Thursday, February 17, 2011

What I have been reading lately

Here are a few of the articles that have caught my attention recently:
  • Googler and AI guru Peter Norvig on what artificial intelligence has been able to do and what was a surprise ([1])

  • Watson's performance in Jeopardy was impressive, but even Google and Bing get the right answers to Jeopardy questions more often than the average human ([1])

  • The Google Translate app is downright amazing. Almost a babel fish in my ear, just remarkable. ([1])

  • Kicking off a project to rewrite code is a really bad idea, but people want to do it all the time ([1] [2])

  • Excellent answer on why Dropbox succeeded ([1])

  • Dilbert on the morality of using web click data. Ouch! ([1])

  • Old but good Slate article on why we don't have ubiquitous free Wifi. Makes me sad. ([1])

  • Enjoyable rant against stealth mode startups ([1])

  • Internet investment funds and unprofitable companies going public? The dot-com bubble is back, baby! ([1] [2])
More in my shared items microblogging stream or, better yet, if you use Google Reader, search for me and follow my shared items there.

Wednesday, February 16, 2011

Comparing Google Megastore

A small pile of Googlers recently presented a paper, "Megastore: Providing Scalable, Highly Available Storage for Interactive Services" (PDF) that details the architecture of a major distributed database used at Google.

Megastore "has been widely deployed within Google for several years ... handles more than three billion write and 20 billion read transitions daily ... [and] stores nearly a petabyte ... across many datacenters."

Others have already summarized the paper ([1] [2]), so I'll focus on my reaction to it. What I found surprising about Megastore, especially when comparing to other large scale databases, is that it favors consistency over performance.

For consistency, Megastore provides "full ACID semantics within partitions", "supports two-phase commit across entity groups", guarantees that reads always see the last write, uses Paxos for confirming consensus among replicas, and uses distributed locks between "coordinator processes" as part of detecting failures. This is all unusually strong compared to the more casual eventual consistency offered by databases like Amazon's Dynamo, Yahoo's HBase, and Facebook's Cassandra.

The problem with providing Megastore's level of consistency is performance. The paper mostly describes Megastore's performance in sunny terms, but, when you look at the details, it does not compare favorably with other databases. Megastore has "average read latencies of tens of milliseconds" and "average write latencies of 100-400 milliseconds". In addition, Megastore has a limit of "a few writes per second per entity group" because higher write rates will cause conflicts, retries, and even worse performance.

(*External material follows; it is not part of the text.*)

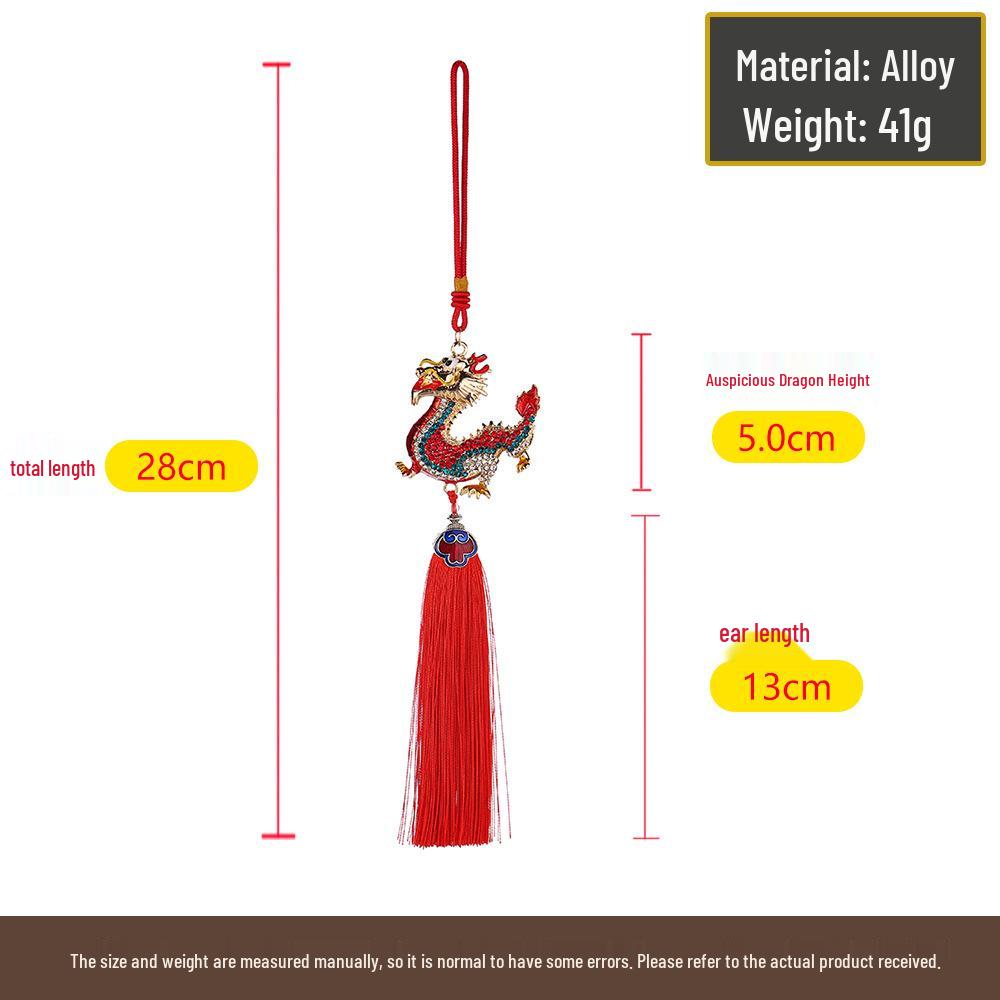 Diamond-Studded Auspicious Dragon Pendant with Red and Gold Tassel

By comparison, Facebook expects 4ms reads and 5ms writes on their database, so Megastore is an order of magnitude or two slower than what Facebook developers appear to be willing to tolerate.

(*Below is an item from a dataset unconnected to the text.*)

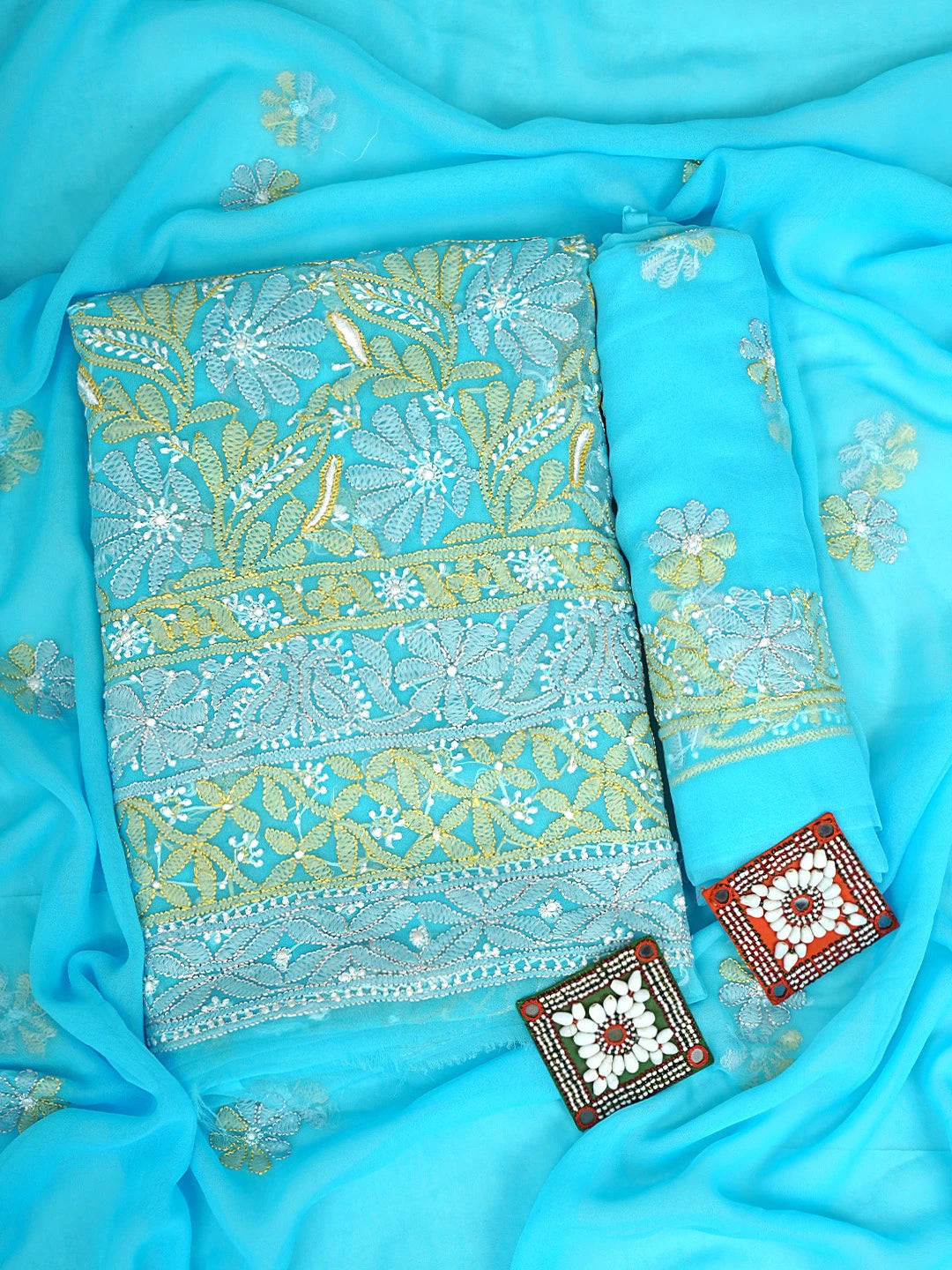 Ada Hand Embroidered Sky Surge Blue Georgette Lucknowi Chikankari Unstitched Suit Piece 01A931609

Google application developers seem to find the latency to be a hassle as well. The paper says that Googlers find the latency "tolerable" but often have to "hide write latency from users" and "choose entity groups carefully".

This makes me wonder if Google has made the right tradeoff here. Is it really easier for application developers to deal with high latency all of the time than to almost always have low latency but have to worry more about consistency issues? Most large scale databases have made the choice the other way. Quite surprising.

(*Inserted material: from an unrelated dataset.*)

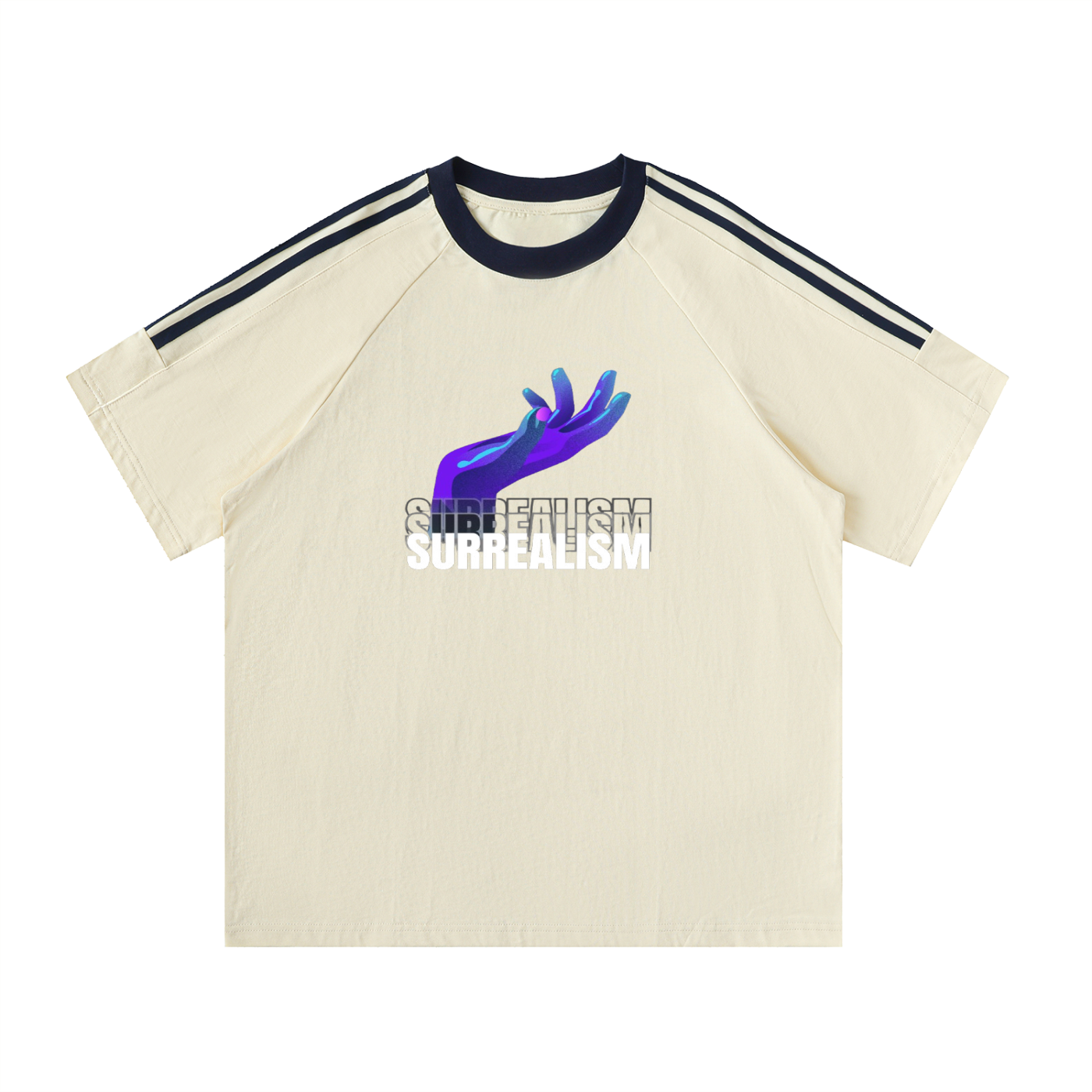 Contrast Tape Crewneck Cotton T-Shirt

Update: Googler DeWitt Clinton writes with a good point: "We build on top of Megastore when we require some of those characteristics (availability, consistency), and to Bigtable directly when we require low latency and high throughput instead. So it's up to the application to decide what tradeoffs to make, definitely not one-size-fits-all."

Thursday, February 03, 2011

Google, Bing, and web browsing data

I suppose I should comment, as everyone else on the planet has, on Google's claim that Bing is copying their results.

My reaction is mostly one of surprise. I am surprised that Google wants this issue discussed in the press. I am surprised that Google wants this aired in the court of public opinion.

Google is trying to draw a line on what use of behavior data is acceptable. Google clearly thinks they are on the right side of that line, and I do too, but I'm not sure the average searcher would agree. And that is why Google is playing a dangerous game here, one that could backfire on them badly.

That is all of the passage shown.